There is that point where you don’t know what you’re going to get and so if you’re paying a lot for the booth fee, then it might not work out. But because I have such a variety of price points for customers to purchase from — I mean, so many people love stickers and the $5 purchases really add up very quickly to the point where I’m not too concerned about a $200 booth fee.
Usually, most of the ones where there’s a lower turnout it’s a really low cost to do a booth. When I first started out I did Spenard Farmer’s Market, which was from 8 a.m. to 2 p.m. Not the ideal time for people to be shopping for art, quite honestly, but the overhead was $20 for the booth, so I felt pretty good about just setting up and figuring it out.
Then there’s also the cost of the actual setup, and the initial setup for your first event could be quite a bit. If you’re doing outdoor events— I got my tent at Costco and it was $200, and I have tables and chairs. So you could be running $1,000 just in your setup, let alone in your product and inventory. But then once you’re set up, you’re set up and you can just keep doing it. It’s like you have your mobile store with you. So it’s an investment but it has always worked out for me.
Then there are sometimes other fees. I just had to get a permit for the City of Palmer, for the State Fair. So those things start adding up.
Because we just got this short bus that has been converted into a camper — it is adorable and very comfortable, it doesn’t even feel like camping — that’s really cut down on our costs as far as traveling and moving the supplies and all of the inventory.
So my last big solo show was for Mountainfilm in Telluride at the Telluride Art Center.
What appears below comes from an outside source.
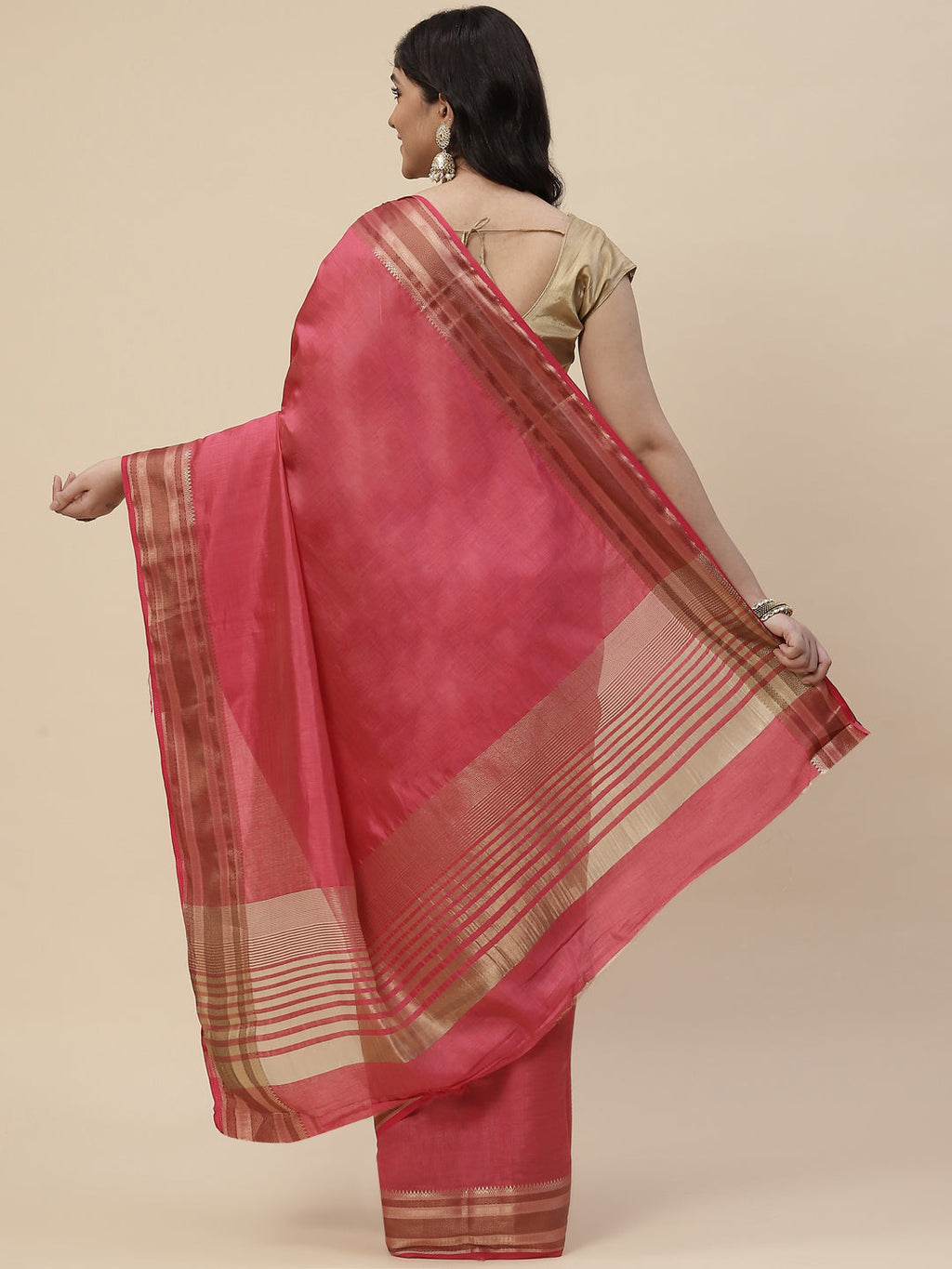 Plain Zari Border Handloom Woven Saree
It was definitely the best space I’ve ever showcased my work and the best audience I’ve ever had and the most financially invested I’d ever been for an art show — driving to it, getting a trailer, paying $2000 – $3000 of overhead for that one show. But I thought, Okay, this is a self-investment, it’s going to pay off.
I didn’t really go in knowing what my pricing should be.
I asked the guy who was curating it to lend some insight and he helped, but I still didn’t quite know where my pricing should be and I was already pricing it higher than I’d ever priced anything. So I was a little hesitant to price stuff as high as it was recommended, I was like, I just want something to sell while I’m here. If one piece sells in the whole show, I’m usually pretty stoked. So it was hanging for 3 days, so it was a decent investment to have a 3-day window to break even when it’s maybe only open for 8 hours a day. I got lucky that I sold three originals.